◆ REQUIREMENT: The listing must be copied out in full and exactly; no images go with it.

DATASET SECTION Block Start

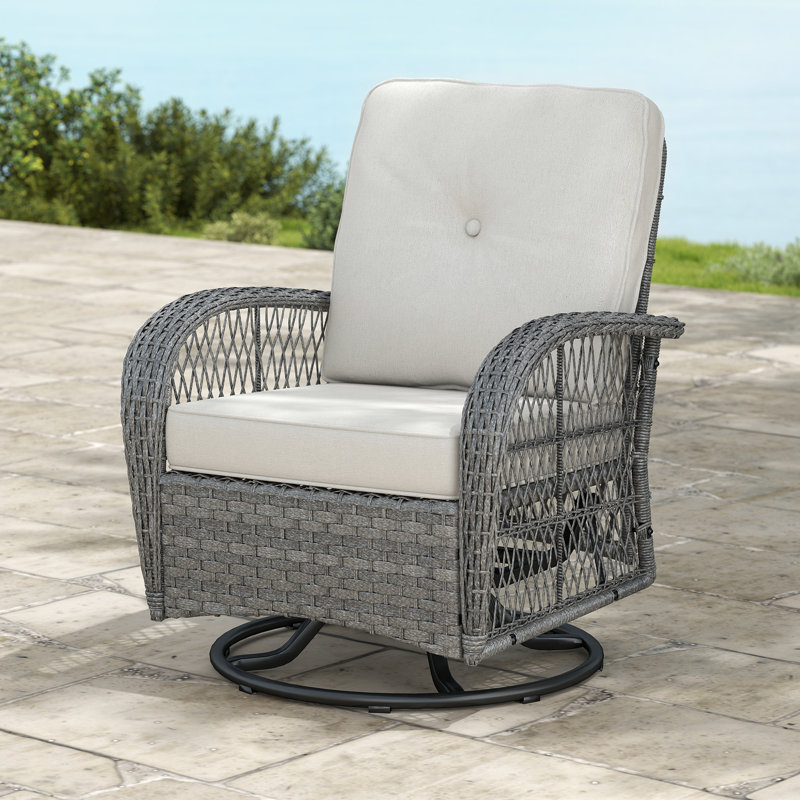 Addallee Swivel Premium All-Weather Wicker Outdoor Lounge Chair, Cushions Included, Gray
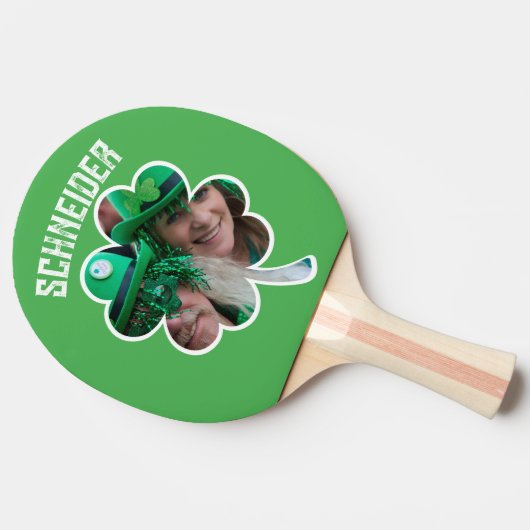 名前をカスタムするアイリッシュクローバー写真St patricks day 卓球ラケット (横)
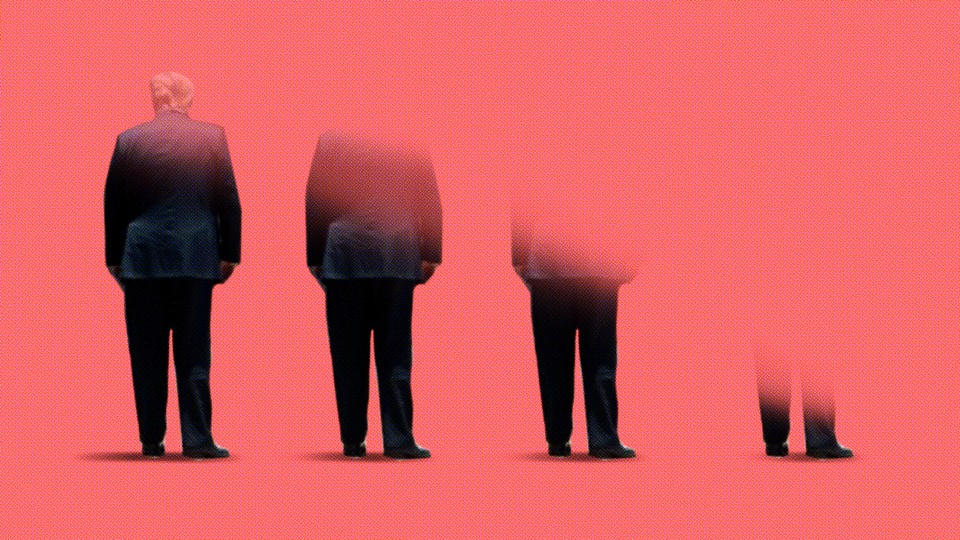 A gradually disappearing Donald Trump, seen from behind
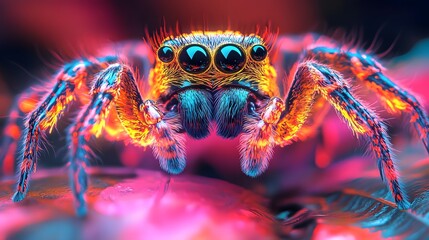 Cybernetic jumping spider, Sci-fi, neon hues, 3D rendering, Advanced technology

DATASET SECTION Block End

◆ TASK SOLUTION:
 Addallee Swivel Premium All-Weather Wicker Outdoor Lounge Chair, Cushions Included, Gray
 名前をカスタムするアイリッシュクローバー写真St patricks day 卓球ラケット (横)
 A gradually disappearing Donald Trump, seen from behind
 Cybernetic jumping spider, Sci-fi, neon hues, 3D rendering, Advanced technology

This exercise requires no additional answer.